Bundesrätin Widmer-Schlumpfs FreispruchHinter von Siebenthals Chalet auf einer Anhöhe liegt das Internat Le Rosey, eine Ansammlung von unscheinbaren Gebäuden. Von hier aus sieht man zum Gstaad Palace auf dem gegenüberliegenden Hügel. Dem Luxushotel widmete Polanski seinen vorerst letzten Film «The Palace» von 2023, den er im Hotel selbst drehte.
Die überdrehte, teils deftige Satire, in der Mickey Rourke, John Cleese, Mia Farrow und Emmanuelle Seigner mitspielen, macht sich über die dekadente Exaltiertheit der Reichen und Berühmten lustig. Der Film fiel bei Kritik und Publikum durch.

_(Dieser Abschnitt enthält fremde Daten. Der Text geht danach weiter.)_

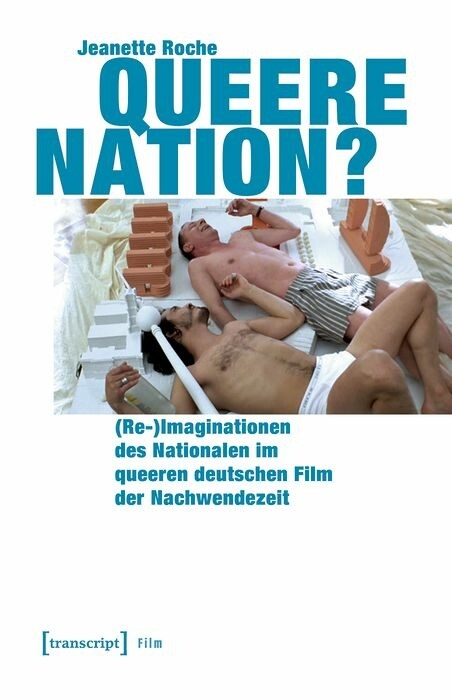 Queere Nation? - Jeanette Roche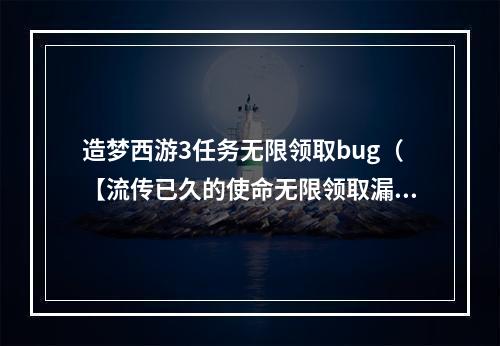 造梦西游3任务无限领取bug（【流传已久的使命无限领取漏洞！——揭秘造梦西游3任务无限领取bug】）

Immerhin ist «The Palace» der Beweis dafür, dass Polanski Gstaad verbunden bleibt, trotz der demütigenden Erfahrung seines Hausarrests. Dieser nimmt ein gutes Ende. Am 12. Juli 2010, acht Monate nachdem er ihn angetreten ist, lehnt Bundesrätin und Justizministerin Eveline Widmer-Schlumpf Polanskis Auslieferung an die USA ab.
Begründet wird der Entscheid mit Unklarheiten beim amerikanischen Verfahren. Auch hält man den Haftbefehl für unverhältnismässig, da die Tat dreissig Jahre zurückliegt, das Opfer sich einen Abschluss wünscht und Polanski auch schon 76 ist.
Polanski ist ab sofort ein freier Mann, der in der Schweiz in Zukunft nichts mehr zu befürchten hat. Sein Sohn schneidet ihm die Fussfessel durch. Für den elektronischen Wächter erhält er dann noch eine Rechnung von über 28 000 Franken.